Writing early in the morning is my preference, but if I work on New Shiny early, I sometimes lose track of the start of the workday, suddenly it’s noon and I haven’t worked on anything that’s due, and then I end up working much later than I should. Because it still has to get done, and if I spend time that was needed elsewhere on New Shiny, I still have to work until my work is finished. I can’t just put it off to another day. Could I set a timer? Sure. But that annoys me. That’s too much structure, and I instinctively rebel. Then I move into self-sabotage mode, and that doesn’t serve the work or me.
If you generally don’t do deadlined work on weekends, then you can block off time for New Shiny on weekends.
When New Shiny pulls hard, I sometimes drag my feet and procrastinate on the older projects.

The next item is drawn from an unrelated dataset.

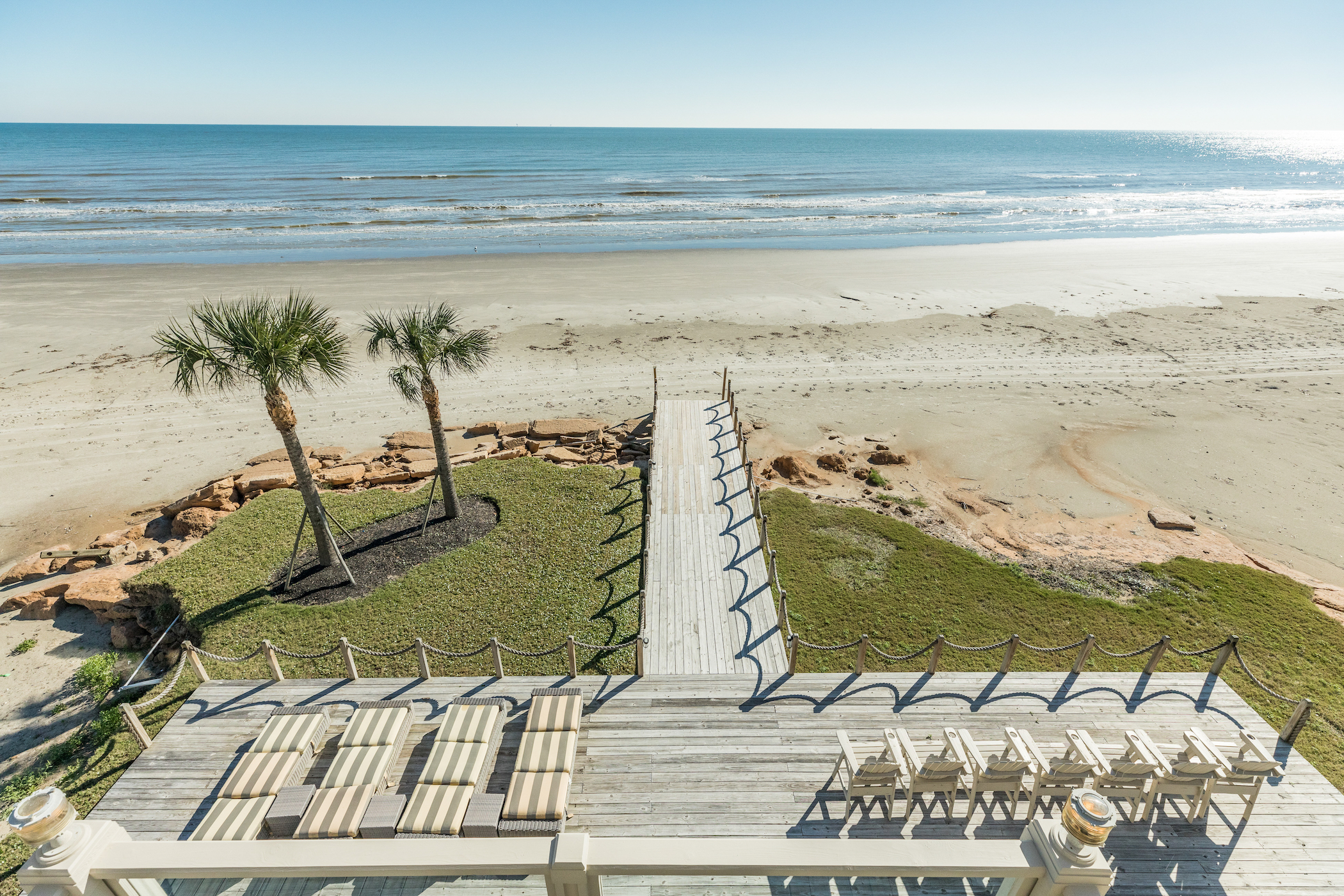 A deck of a vacation rental in Galveston leading to the beach with chairs.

By making time to work on both, albeit with boundaries, I don’t lose the drive on either. I might grumble about the deadlined work, but the motivation to do it means I get to work on the piece that’s demanding attention.
Eventually New Shiny stops being new and shiny and moves into a designated slot in the work schedule, with deadlines (self-imposed deadlines matter as much as exterior deadlines).
And then, something new and shiny flits onto the horizon. And you fall in love.
Learning how to navigate this balance also means, as you move into your vision of being a fulltime writer, you have the capacity necessary to juggle multiple stages on multiple projects that’s required of the writing life.
I’ve found this a good way to keep in balance and not get too sidetracked by fresh projects that seem like the Best Thing Ever when they first appear. Many of them, after twenty or thirty pages, prove unviable. They are given an ending and put to rest. Others hold the energy, or increase in energy, and earn a place in the schedule.
How do you respond to the siren song of new, shiny projects? I’d love to hear it in the comments.
[Side Note: As you know, I joined the Dramatists Guild End of Play program for the month of April to work on a draft of a new full-length play whose idea was born in a workshop sponsored by the Williamstown Theatre Festival last June. On the 23rd, I finished the first draft, 115 pages in 23 days. It needs A LOT of work, but it exists, and I feel that combination of relief, exhaustion, and hollowness I always do at the end of a project].
Project Rewards: Letting Yourself Work on the New & Shiny
Woo hoo for the Williamstown Theater Festival, workshop and otherwise! Yay for your new play! (Sorry that I am woeful behind on my emails and reading, but better late than never.)